- **SOURCE MATERIAL**
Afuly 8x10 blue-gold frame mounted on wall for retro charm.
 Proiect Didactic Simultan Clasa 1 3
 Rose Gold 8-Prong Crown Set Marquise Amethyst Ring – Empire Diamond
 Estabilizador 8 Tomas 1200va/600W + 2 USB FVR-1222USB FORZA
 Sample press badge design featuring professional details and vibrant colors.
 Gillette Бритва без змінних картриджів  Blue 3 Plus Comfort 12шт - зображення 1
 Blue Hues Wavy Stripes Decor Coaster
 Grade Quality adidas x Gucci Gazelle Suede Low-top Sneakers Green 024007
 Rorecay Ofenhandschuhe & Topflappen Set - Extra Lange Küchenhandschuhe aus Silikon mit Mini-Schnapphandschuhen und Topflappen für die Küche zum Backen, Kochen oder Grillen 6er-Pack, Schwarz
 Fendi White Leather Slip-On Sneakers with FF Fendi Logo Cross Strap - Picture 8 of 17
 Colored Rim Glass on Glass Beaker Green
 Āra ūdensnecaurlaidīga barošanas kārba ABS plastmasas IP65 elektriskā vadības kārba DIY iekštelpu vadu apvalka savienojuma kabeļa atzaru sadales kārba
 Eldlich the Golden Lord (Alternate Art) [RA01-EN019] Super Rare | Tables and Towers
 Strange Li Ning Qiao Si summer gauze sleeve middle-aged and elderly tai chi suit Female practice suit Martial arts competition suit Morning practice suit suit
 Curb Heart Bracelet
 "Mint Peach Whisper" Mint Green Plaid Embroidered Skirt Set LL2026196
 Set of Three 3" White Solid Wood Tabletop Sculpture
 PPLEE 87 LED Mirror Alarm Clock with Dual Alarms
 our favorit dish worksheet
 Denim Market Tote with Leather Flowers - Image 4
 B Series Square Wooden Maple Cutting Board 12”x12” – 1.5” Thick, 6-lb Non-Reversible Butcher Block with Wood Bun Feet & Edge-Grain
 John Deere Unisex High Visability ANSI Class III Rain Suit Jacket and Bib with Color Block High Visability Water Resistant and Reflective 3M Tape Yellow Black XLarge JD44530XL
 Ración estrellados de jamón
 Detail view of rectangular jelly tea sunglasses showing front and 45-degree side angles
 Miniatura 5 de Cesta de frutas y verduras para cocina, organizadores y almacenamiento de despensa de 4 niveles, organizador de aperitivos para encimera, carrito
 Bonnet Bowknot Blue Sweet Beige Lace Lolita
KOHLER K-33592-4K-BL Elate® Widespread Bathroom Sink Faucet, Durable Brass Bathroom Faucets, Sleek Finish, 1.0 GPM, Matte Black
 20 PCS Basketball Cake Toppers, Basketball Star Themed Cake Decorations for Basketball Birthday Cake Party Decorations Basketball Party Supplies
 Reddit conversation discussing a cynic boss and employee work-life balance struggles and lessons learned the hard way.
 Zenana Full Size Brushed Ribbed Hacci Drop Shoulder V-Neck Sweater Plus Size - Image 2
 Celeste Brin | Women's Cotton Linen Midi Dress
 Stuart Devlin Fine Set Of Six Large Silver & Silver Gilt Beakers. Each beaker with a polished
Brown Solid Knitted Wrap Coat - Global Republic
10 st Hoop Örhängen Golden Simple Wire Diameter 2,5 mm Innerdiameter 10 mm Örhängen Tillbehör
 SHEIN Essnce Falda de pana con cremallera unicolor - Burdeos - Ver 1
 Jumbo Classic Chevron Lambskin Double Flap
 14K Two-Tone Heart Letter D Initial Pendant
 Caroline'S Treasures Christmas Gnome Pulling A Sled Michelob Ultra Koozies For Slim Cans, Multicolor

- **YOUR TASK**
Your answer should be the lines of the listing above between the line holding "Sample press badge" and the line holding "KOHLER K-33592-4K-BL Elate®", inclusive, restated word for word and alone.

- **EXERCISE ANSWER**
 Sample press badge design featuring professional details and vibrant colors.
 Gillette Бритва без змінних картриджів  Blue 3 Plus Comfort 12шт - зображення 1
 Blue Hues Wavy Stripes Decor Coaster
 Grade Quality adidas x Gucci Gazelle Suede Low-top Sneakers Green 024007
 Rorecay Ofenhandschuhe & Topflappen Set - Extra Lange Küchenhandschuhe aus Silikon mit Mini-Schnapphandschuhen und Topflappen für die Küche zum Backen, Kochen oder Grillen 6er-Pack, Schwarz
 Fendi White Leather Slip-On Sneakers with FF Fendi Logo Cross Strap - Picture 8 of 17
 Colored Rim Glass on Glass Beaker Green
 Āra ūdensnecaurlaidīga barošanas kārba ABS plastmasas IP65 elektriskā vadības kārba DIY iekštelpu vadu apvalka savienojuma kabeļa atzaru sadales kārba
 Eldlich the Golden Lord (Alternate Art) [RA01-EN019] Super Rare | Tables and Towers
 Strange Li Ning Qiao Si summer gauze sleeve middle-aged and elderly tai chi suit Female practice suit Martial arts competition suit Morning practice suit suit
 Curb Heart Bracelet
 "Mint Peach Whisper" Mint Green Plaid Embroidered Skirt Set LL2026196
 Set of Three 3" White Solid Wood Tabletop Sculpture
 PPLEE 87 LED Mirror Alarm Clock with Dual Alarms
 our favorit dish worksheet
 Denim Market Tote with Leather Flowers - Image 4
 B Series Square Wooden Maple Cutting Board 12”x12” – 1.5” Thick, 6-lb Non-Reversible Butcher Block with Wood Bun Feet & Edge-Grain
 John Deere Unisex High Visability ANSI Class III Rain Suit Jacket and Bib with Color Block High Visability Water Resistant and Reflective 3M Tape Yellow Black XLarge JD44530XL
 Ración estrellados de jamón
 Detail view of rectangular jelly tea sunglasses showing front and 45-degree side angles
 Miniatura 5 de Cesta de frutas y verduras para cocina, organizadores y almacenamiento de despensa de 4 niveles, organizador de aperitivos para encimera, carrito
 Bonnet Bowknot Blue Sweet Beige Lace Lolita
KOHLER K-33592-4K-BL Elate® Widespread Bathroom Sink Faucet, Durable Brass Bathroom Faucets, Sleek Finish, 1.0 GPM, Matte Black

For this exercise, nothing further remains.